Dieser Befund ergibt sich laut Thiermayer aus vielen Einzelgesprächen in anderen Bundesländern. Eine Studie, die sie zusammenträgt, gibt es allerdings nicht. Einkaufen bis weit nach 20 Uhr, das nütze seiner Meinung nach vor allem großen Unternehmen.
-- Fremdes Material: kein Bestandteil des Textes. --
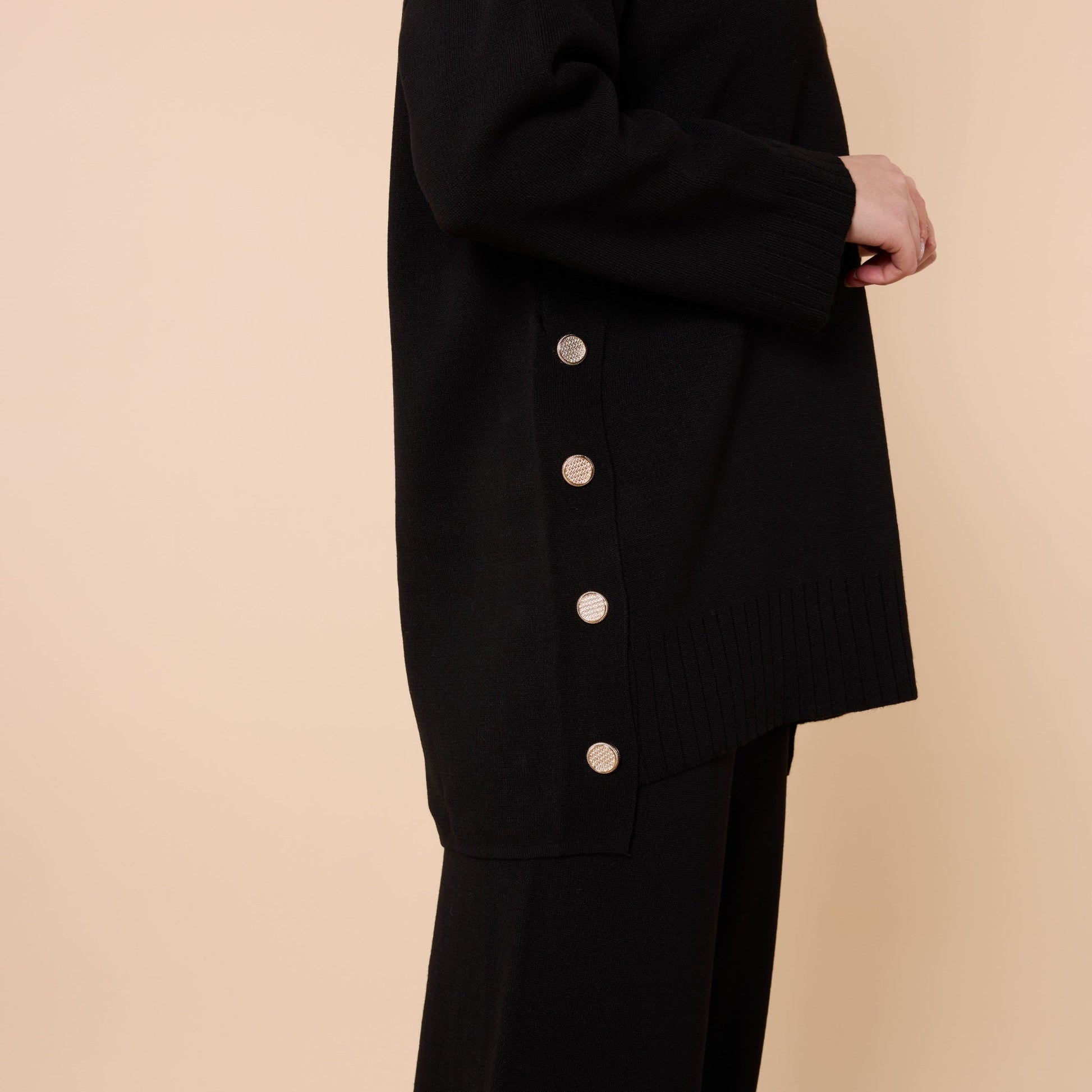 Button Detail Knit Two Piece Pants Set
"Je länger den Ketten und Konzernen erlaubt wird, zu öffnen, desto mehr greifen sie den kleineren und mittelständischen Betrieben den Umsatz ab." Hubert Thiermayer, Ver.di Bayern

Weniger Umsatz wird in Neu-Ulm aufgrund der längeren Öffnungszeiten in Geschäften auf der anderen Seite der Donau allerdings nicht gemacht. Und die meisten Neu-Ulmer kommen mit dem bayerischen Ladenschluss-Gesetz offensichtlich heute auch gut zurecht, meint Ina-Katharina Barthold vom Verein "Wir in Neu-Ulm" und IHK-Sprecher Röll ergänzt:

"Also es gibt nach 20 Uhr keine Karawane von Neu-Ulm nach Ulm. Die habe ich noch nicht gesehen." Josef Röll, IHK Ulm

Die Diskussion war wieder in Gang gekommen, weil der 24. Dezember in diesem Jahr auf einen Sonntag fällt. Bestimmte Geschäfte können aber trotzdem öffnen, sie müssen aber nicht. 82 Prozent der BR24-Leser sprachen sich in einer Online-Frage dagegen aus.